Soft tissue infection. In cases of aggressive soft tissue infection such as gas gangrene and necrotizing fasciitis, primary treatment includes aggressive debridement and antibiotic therapy. Wilkinson did a retrospective cohort study on 44 patients who had a necrotizing soft tissue infection. The use of adjunctive HBOT lead to an almost ninefold increase in the patient’s rate of survival and significantly reduced the incidence of amputation.24 With acute soft tissue infections, one should use HBOT early with two to three daily 90-minute sessions at 3 atm. The higher pressure helps maintain the oxygen tension above 300 mmHg, which is sufficient to inhibit clostridial spores and exotoxin production.3

Crush injuries and compartment syndrome. Trauma resulting in crush injuries and/or compartment syndrome is often devastating. Acute limb compartment syndrome is a surgical emergency as it can lead to increased tissue pressure that reduces capillary perfusion below a level necessary for tissue viability. Delayed treatment is associated with significant morbidity due to irreversible ischemic necrosis of the muscles and nerves in the compartment.25

Bouachour and coworkers evaluated the efficacy of HBOT in the treatment of crush injuries in 36 patients in a randomized, double-blind, placebo-controlled clinical trial.26 The patients in the study received either a 90-minute twice-daily HBOT treatment or a 90-minute twice-daily sham treatment. Both groups started within 24 hours and received a total of six days of treatment. The HBOT-treated group had fewer amputations (one versus six) and required fewer skin flaps, grafts and vascular surgery. The HBOT-treated group also had higher rates of complete healing (17 patients versus 10 patients in the sham treatment group). The study proved HBOT to be a useful adjunct in the management of severe (grade III) crush injuries of the limbs in patients more than 40 years old.

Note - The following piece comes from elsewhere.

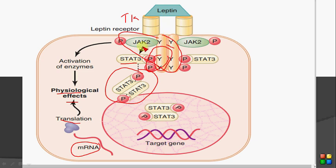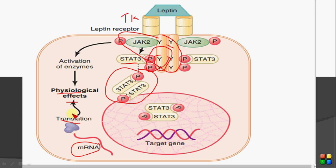To summarize: leptin bound its receptor, causing phosphorylation of JAK molecules. These JAK molecules promoted the phosphorylation of STAT proteins. The STAT proteins dimerized and moved into the nucleus, interacted with DNA, and promoted transcription of specific messenger RNA. This messenger RNA got translated into specific proteins which produce their physiological effects.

Acute thermal burn injury. The efficacy of HBOT in the treatment of burns is not clear at this time. There is conflicting information within the literature. An economic analysis by Cianci and colleagues evaluated patients with 19 to 50 percent total body surface area burns.27 Over a five-year period, the study examined the length of stay, the number of surgical procedures and the total cost of care. Half of the patients received HBOT while the other half did not. The HBOT-treated group had a decreased length of stay, reduction of surgical procedures and decreased overall cost.

In contrast, a larger randomized prospective trial evaluating the use of HBOT in burn patients did not show any benefit in mortality, the length of stay or the extent of autograft use.28 Therefore, the authors of this study concluded that there is insufficient evidence to support the use of HBOT for acute burns.28 A systematic review of the literature by Villaneuva and colleagues in 2004 also confirmed there was no evidence to support the use of HBOT for acute burns.29 Further studies are needed in this area as the data available is too limited at this time.

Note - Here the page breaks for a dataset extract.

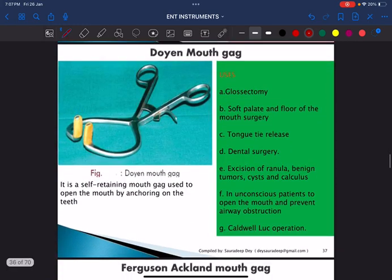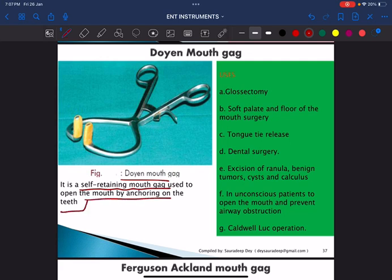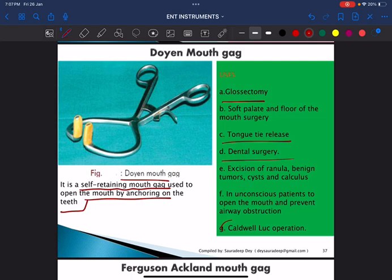This is Doyen's mouth gag, a self-retaining mouth gag used to open the mouth by anchoring on the teeth. It is used for glossectomy, tongue-tie release, dental surgery, Caldwell-Luc operation, and excision of a ranula or benign tumors.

Compromised grafts and flaps. Researchers published a comprehensive review study evaluating the use of HBOT for compromised grafts and flaps in 2006.30 It showed that if one utilizes HBOT prior to and three days following skin grafting, there was a 29 percent increase in graft survival. Most of the support for HBOT in preventing graft/flap failure comes from a large number of animal studies.17,30

However, a recent 2008 retrospective cohort human study evaluated the use of HBOT after patients underwent reconstructive surgery for Gustilo type III A, B, and C war wounds to the extremities.31 Flap necrosis occurred in 51 percent of patients who did not receive HBOT versus only 15 percent in those who did receive HBOT. Skin graft lysis occurred in 52 percent of patients who were not treated with HBOT versus only 23 percent in those who were treated with HBOT. Since the amount of literature is limited, further studies are needed at this time.

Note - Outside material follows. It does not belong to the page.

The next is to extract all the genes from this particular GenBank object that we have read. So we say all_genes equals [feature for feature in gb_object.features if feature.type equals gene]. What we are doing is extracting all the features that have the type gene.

Arterial insufficiency ulcers. In 2007, the Wound Healing Society released clinical practice guidelines for arterial insufficiency ulcers.32 The guidelines state that one should consider HBOT an adjuvant therapy in patients whose ulcers are not healing despite revascularization or in patients with non-reconstructable anatomy. Additional criteria include the ability of the hypoxia to be reversed by hyperbaric oxygenation.6,33-35 In 2001 Grolman and colleagues conducted a retrospective case series on the use of HBOT to treat arterial insufficiency ulcers in 36 patients, who were non-bypass candidates.36 Seventy percent of patients with periwound TCOM >10 mmHg healed their wounds versus 11 percent of those with TCOM <10 mmHg. Authors considered the level of evidence to be moderate.22,36

Calciphylaxis. Calciphylaxis often presents as aggressive expanding gangrene of the skin in patients who usually (75 percent) have end-stage renal disease. There is no current standard of care and treatments can include extensive debridement, use of phosphate binders, parathyroidectomy and increase in dialysis.22,37 Calciphylaxis has a mortality rate of 80 percent due to sepsis and organ failure.37

Basile and colleagues conducted a retrospective case series about patients who were treated with HBOT for calciphylaxis.38 The study has a small sample size with nine patients completing the study. However, the results of the study were encouraging, given the usually poor prognosis associated with survival and/or limb preservation. Of the nine patients, eight completely healed. This led to 75 percent healing for those who completed the study with a tissue diagnosis. In addition, the nine patients survived in the one-year follow-up. A large RCT would possibly yield further insight in treating this rare but potentially fatal condition.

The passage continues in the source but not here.